---- Recorded information

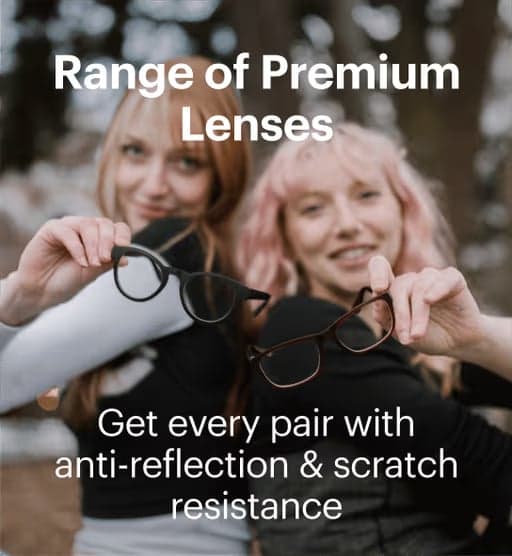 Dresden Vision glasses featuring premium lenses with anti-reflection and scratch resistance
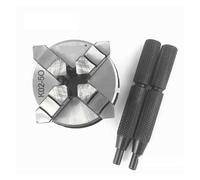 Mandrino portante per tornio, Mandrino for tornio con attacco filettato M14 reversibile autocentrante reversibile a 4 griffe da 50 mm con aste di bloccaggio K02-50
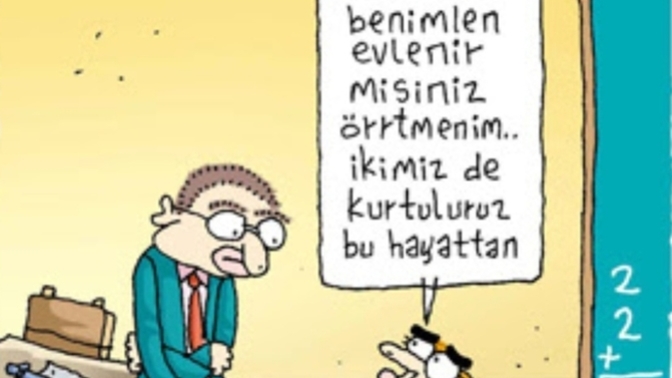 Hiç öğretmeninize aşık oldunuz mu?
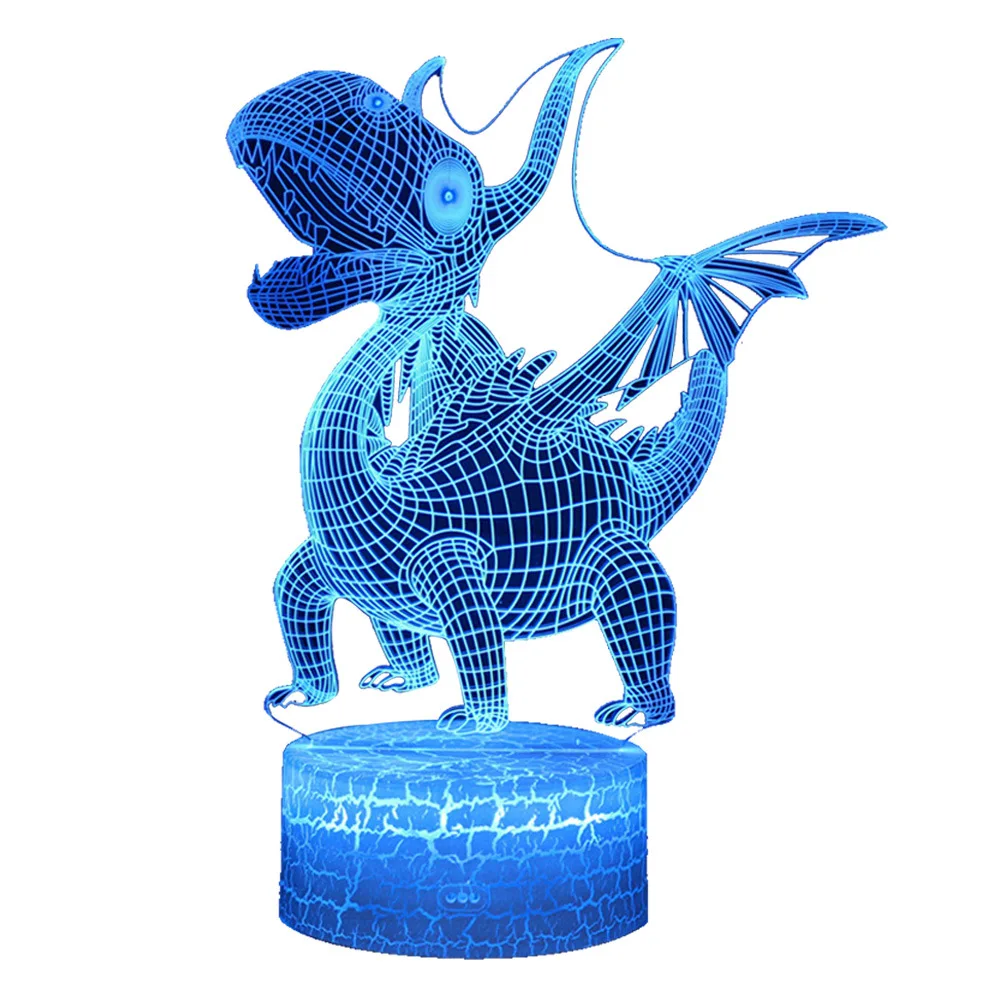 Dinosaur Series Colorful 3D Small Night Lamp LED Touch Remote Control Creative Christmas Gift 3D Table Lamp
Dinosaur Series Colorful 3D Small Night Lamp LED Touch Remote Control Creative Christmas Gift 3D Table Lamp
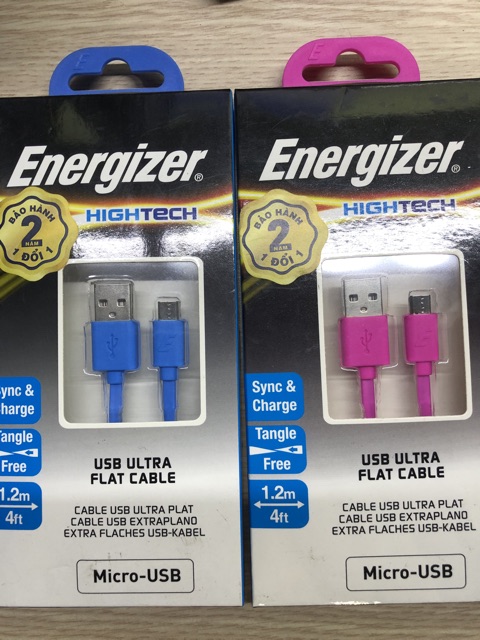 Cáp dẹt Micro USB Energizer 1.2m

--------

In the copy, include every line of the entries above exactly and none of the pictures.

 Dresden Vision glasses featuring premium lenses with anti-reflection and scratch resistance
 Mandrino portante per tornio, Mandrino for tornio con attacco filettato M14 reversibile autocentrante reversibile a 4 griffe da 50 mm con aste di bloccaggio K02-50
 Hiç öğretmeninize aşık oldunuz mu?
 Dinosaur Series Colorful 3D Small Night Lamp LED Touch Remote Control Creative Christmas Gift 3D Table Lamp
Dinosaur Series Colorful 3D Small Night Lamp LED Touch Remote Control Creative Christmas Gift 3D Table Lamp
 Cáp dẹt Micro USB Energizer 1.2m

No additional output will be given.